Description of problem:
atopgpu fails to start because pynvml is not installed. python3-py3nvml is installed as a dependencie though.
Version-Release number of selected component (if applicable):
Steps to Reproduce:
# yum install atop
# systemctl start atopgpu.service
Job for atopgpu.service failed because the control process exited with error code.
See "systemctl status atopgpu.service" and "journalctl -xe" for details.
# # systemctl status atopgpu.service
● atopgpu.service - Atop GPU stats daemon
Loaded: loaded (/usr/lib/systemd/system/atopgpu.service; disabled; vendor preset: disabled)
Active: failed (Result: exit-code) since Mon 2021-10-18 11:05:20 CEST; 1s ago
Process: 191751 ExecStart=/usr/sbin/atopgpud (code=exited, status=1/FAILURE)
Main PID: 191751 (code=exited, status=1/FAILURE)
Oct 18 11:05:20 maestro-3002 systemd: Starting Atop GPU stats daemon...
Oct 18 11:05:20 maestro-3002 atopgpud: atopgpud ERROR: Python module 'pynvml' not installed!
Oct 18 11:05:20 maestro-3002 systemd: atopgpu.service: Main process exited, code=exited, status=1/FAILURE
Oct 18 11:05:20 maestro-3002 systemd: atopgpu.service: Failed with result 'exit-code'.
Oct 18 11:05:20 maestro-3002 systemd: Failed to start Atop GPU stats daemon.
pynvml is not available:
# python3 -c "import pynvml"
Traceback (most recent call last):
File "<string>", line 1, in <module>
ModuleNotFoundError: No module named 'pynvml'
# python3 -c "import py3nvml"
My guess is that py3nvml is not a drop-in replacement for nvidia-ml-py. Atop upstream mentions nvidia-ml-py as a dependencie, not py3nvml.
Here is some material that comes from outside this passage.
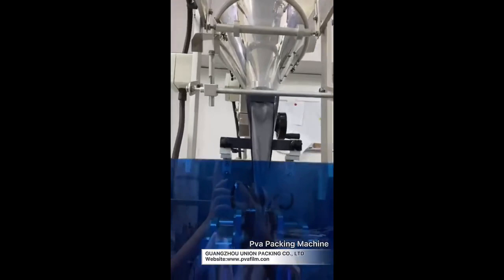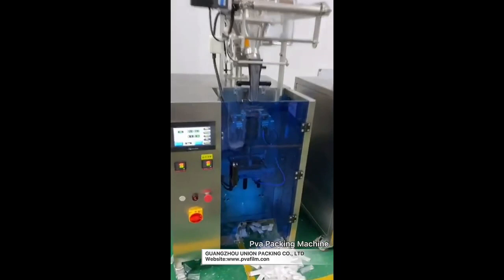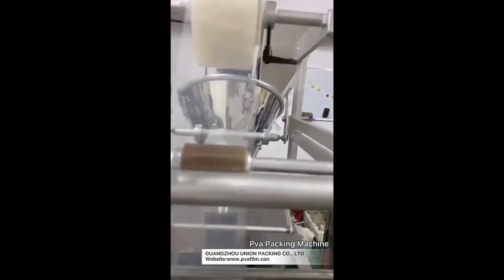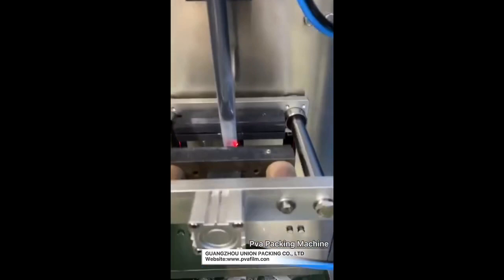This is a powder packing machine. This is a touch screen, and this is a powder tank with an auger inside. This is a backformer and a raw film. This is a vertical seal model and a horizontal seal model.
I've tried to modified the import naively with:
import py3nvml.py3nvml as pynvml
But it is not that simple (from journalctl -u atopgpu):
systemd: Starting Atop GPU stats daemon...
atopgpud: atopgpud INFO: Number of GPUs: 4
systemd: Started Atop GPU stats daemon.
atopgpud: Traceback (most recent call last):
atopgpud: File "/usr/sbin/atopgpud", line 583, in <module>
atopgpud: File "/usr/sbin/atopgpud", line 288, in main
atopgpud: gpulist.append( GpuProp(i) )
atopgpud: File "/usr/sbin/atopgpud", line 74, in __init__
atopgpud: self.stats.devname = pynvml.nvmlDeviceGetName(gpuhandle).decode(
atopgpud: AttributeError: 'str' object has no attribute 'decode'
Using nvidia-ml-py-11.470.66 and installing it using "python3 setup.py install --prefix=/usr", everything works.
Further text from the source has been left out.